GVK Industries Limited
- Company type: Private
- Industry: Conglomerate
- Founded: 20 April 2005; 21 years ago
- Founder: G. V. Krishna Reddy
- Headquarters: Hyderabad, Telangana
- Number of locations: India, Australia, Indonesia,
- Key people: G. V. Krishna Reddy (Chairman); G. V. Sanjay Reddy (Vice-Chairman); A. Issac George (CFO);
- Products: Energy; Resources; Airports; Transportation;
- Revenue: ₹31.363 billion (US$330 million)(2015)
- Number of employees: 50,000 (2017)
- Website: https://www.gvk.com/

= GVK Industries =

Indian conglomerate company

GVK Industries Limited is an Indian conglomerate headquartered in Hyderabad with interests in several sectors, including energy, airports, hospitality, transportation, real estate, pharmaceuticals, and technology. After acquiring Australian coal mines in Queensland for USD1.26 billion, GVK forecasts an investment of USD10 billion in mine, rail, and port projects.

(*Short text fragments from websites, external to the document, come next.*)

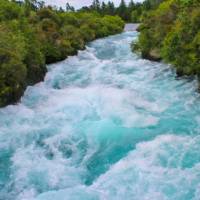 View the incredible Waikato River and the Huka Falls | Holger Detje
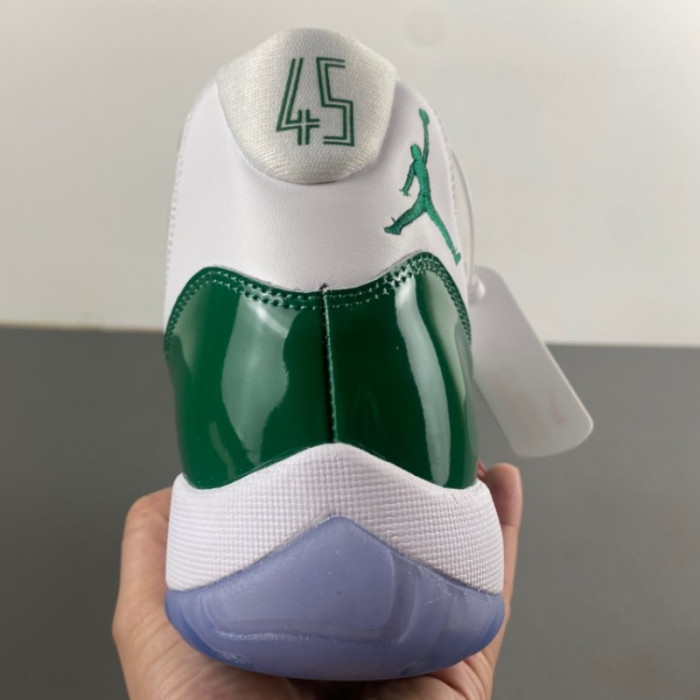 Air Jordan 11 Retro White Green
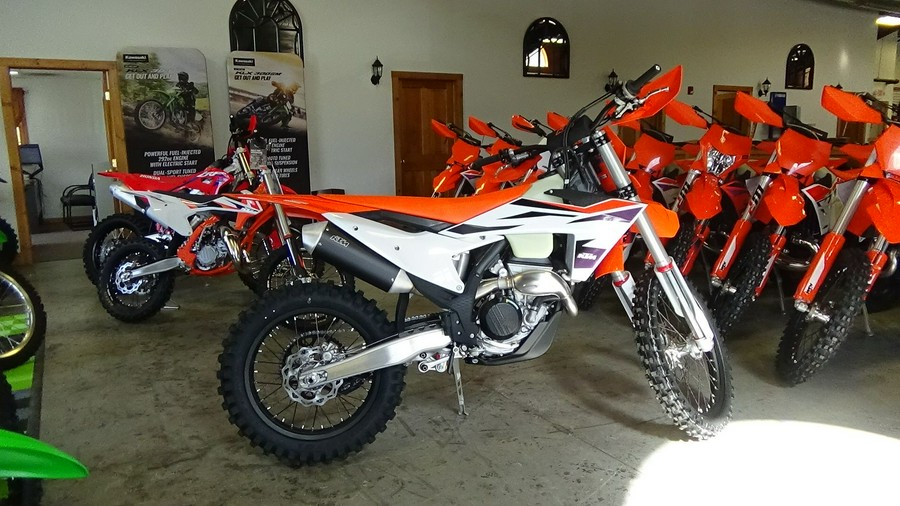 2024 KTM 250 XC-F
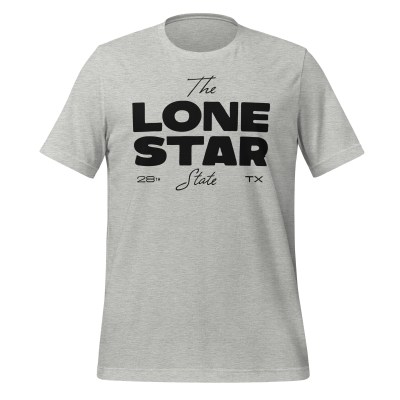 Texas - The Lone Star State - United 50 Collection - Unisex t-shirt - White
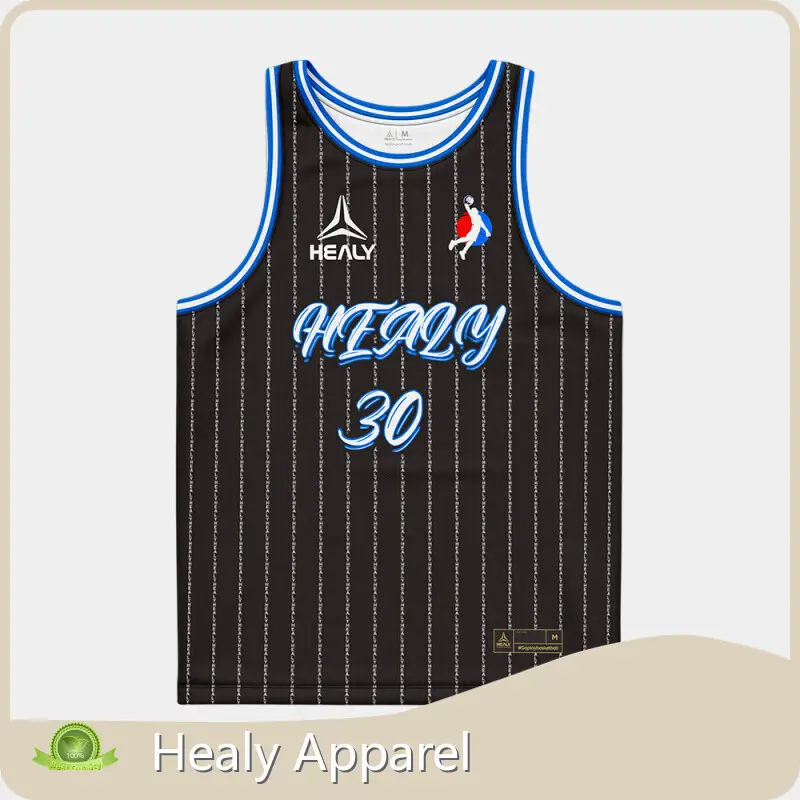 High-quality Men Custom Basketball Jerseys Healy Sportswear Manufacture 1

Its flagship company, GVK Power & Infrastructure Limited, is listed on both the Bombay Stock Exchange (BSE) and the National Stock Exchange (NSE) as GVKPIL .
==Businesses==
===Energy===
GVK's energy portfolio comprises CCPP (gas/naphtha-based), thermal (coal-based), and hydropower plants.

====Projects under operation====
- 469 MW Gautami CCPP, Andhra Pradesh, commenced operations in 2009.
- 228 MW Jegurupadu CCPP Phase 2 (228 MW), Andhra Pradesh, commenced operations in 2009.
- 330 MW Srinagar HEP, Uttarakhand, commenced operations in 2015.
- The 540 MW Goindwal Sahib Thermal Power Project, Punjab, commenced operations in 2016.

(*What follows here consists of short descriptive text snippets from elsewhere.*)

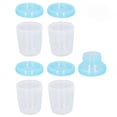 thumbnail image 2 of Contenant de Lait Maternel, Tasses Réutilisables 180ml avec Couvercle pour la Maison, 2 of 8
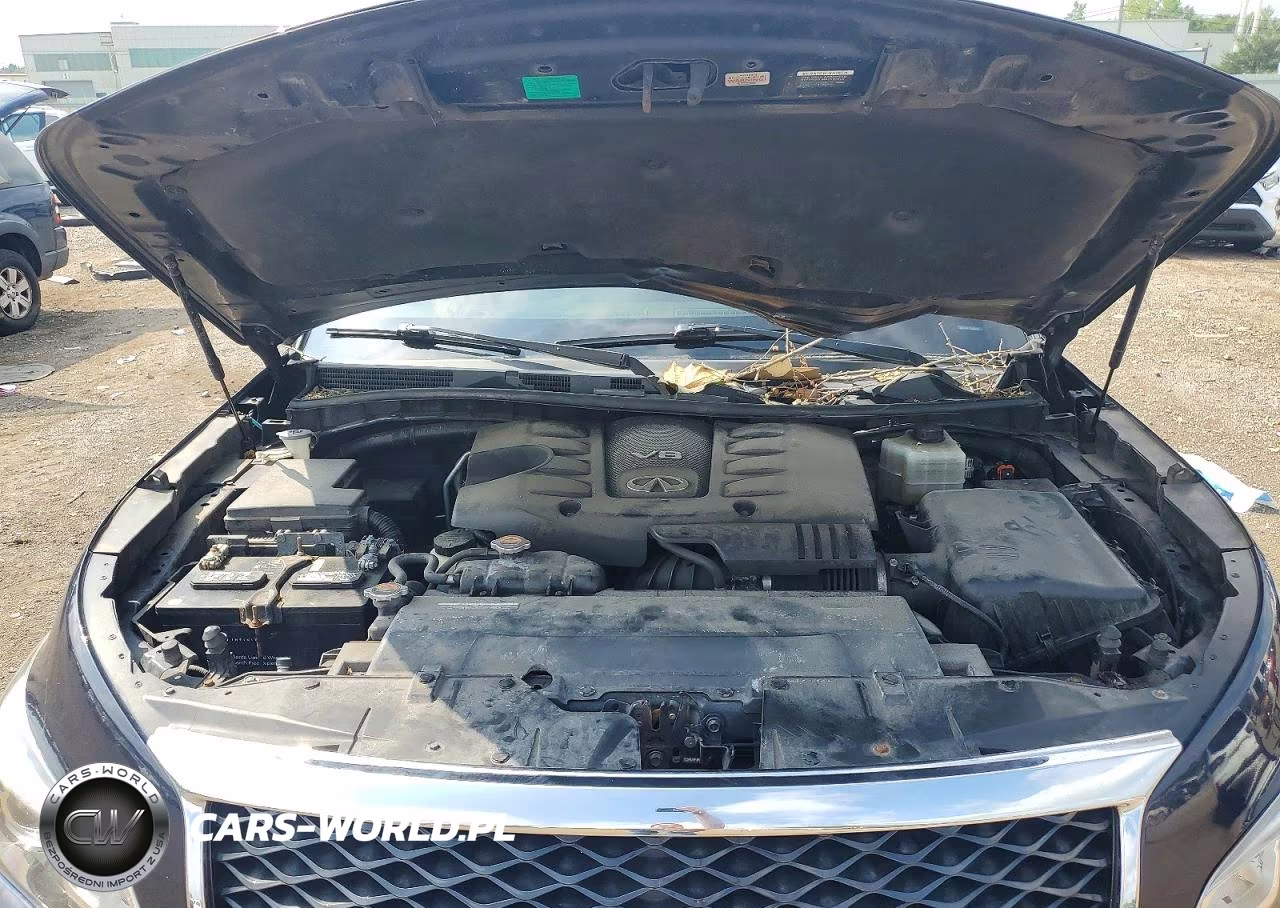 2017 Infiniti Qx80 Base VIN:JN8AZ2NE7H9153450 - 12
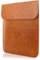 Allinside 15-16 Laptop Sleeve for MacBook Pro 16 2019-2021 M1 (A2485 A2141)/ MacBook Pro 15 2010-2019 (A1990 A1707 A1398), Synthetic Leather Laptop Case, Brown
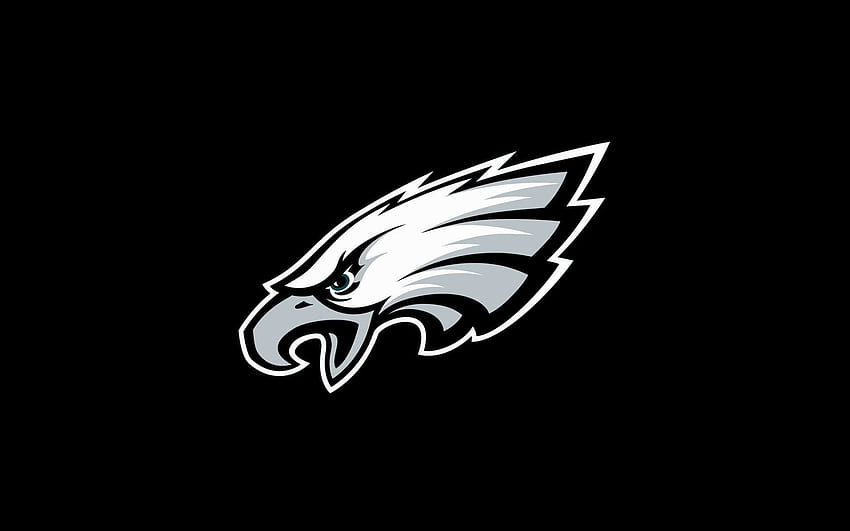 Logo des aigles, aigle noir Fond d'écran HD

====Projects under construction and development====
- 850 MW Ratle Hydro Electric Project, Jammu and Kashmir

===Resources===
====Coal====
Australia:

GVK has secured a 79% stake each in Alpha Coal and Alpha West Coal mines and a 100% stake in Kevin's Corner mines in Queensland, Australia, for USD1.26 billion, with total resources of about 8 billion tonnes and a capacity of over 80 million tonbes per annum. When combined, these projects will create one of the largest coal mining operations in the world. GVK has also acquired 100% stake in a 500 km rail line and a 60 million tons per annum port as part of the ‘pit-to-port’ logistics solution. the project proposes a total investment of USD10 billion. This acquisition was awarded as “Asia Deal of the Year” and “Asia Outbound Investor of the Year” at the 8th Asia Mining Awards 2012, Singapore. GVK has received all pertinent approvals having reference to mine, rail and port projects from both the State and Federal Government and is in the culminating stages of project development.
.

===Airports===
====India ====
GVK's thrust into the aviation sector set about with the modernization of Chhatrapati Shivaji International Airport (CSIA) in Mumbai. Further, with the acquisition of Kempegowda International Airport (KIA) in Bengaluru, GVK had once become one of the largest airport operators in the country handling a combined traffic of over 60 mppa at these two airports.

Between 2016 and 2018, GVK sold its stake in Bengaluru International Airport Limited (BIAL) to Fairfax India. In 2021, GVK sold its operations at Mumbai International Airport Limited (MIAL) to the Adani Group.

====Indonesia====
GVK has collaborated with the Airports Authority of Indonesia, Angkasa Pura Airports (AP1), for operations, management and development of non-aeronautical commercial services at Denpasar International Airport, Bali. GVK is also developing an International greenfield airport in Yogyakarta, Special Region of Yogyakarta.

===Transportation===
Roads:

GVK's Jaipur – Kishangarh Expressway, Rajasthan, the first privately operated six-lane road project with 542.4 lane km. GVK's road portfolio encompasses other projects of over 900 lane km under various stages of construction and development:

====Projects under operation====
- Jaipur – Kishangarh Expressway (542.4 lane km), Rajasthan
- Deoli – Kota Expressway (332.16 lane km), Rajasthan

====Projects under construction and development====
- Badodara – Vasad Expressway (611.4 lane km), Gujarat

===Ports===
- GVK has signed an MoU with the Government of Gujarat, to develop a greenfield port at Okha.

===Hospitality===
GVK has seven TAJGVK properties across Hyderabad, Chandigarh, Chennai and Mumbai having a total key base of 1372. These include Taj Krishna, Taj Deccan, Taj Banjara and Vivanta by Taj Group in Hyderabad; Taj Chandigarh, Taj Clubhouse in Chennai and Taj Santacruz in Mumbai. It is also coming up with the Ginger brand in Andhra Pradesh to cater to the value segment.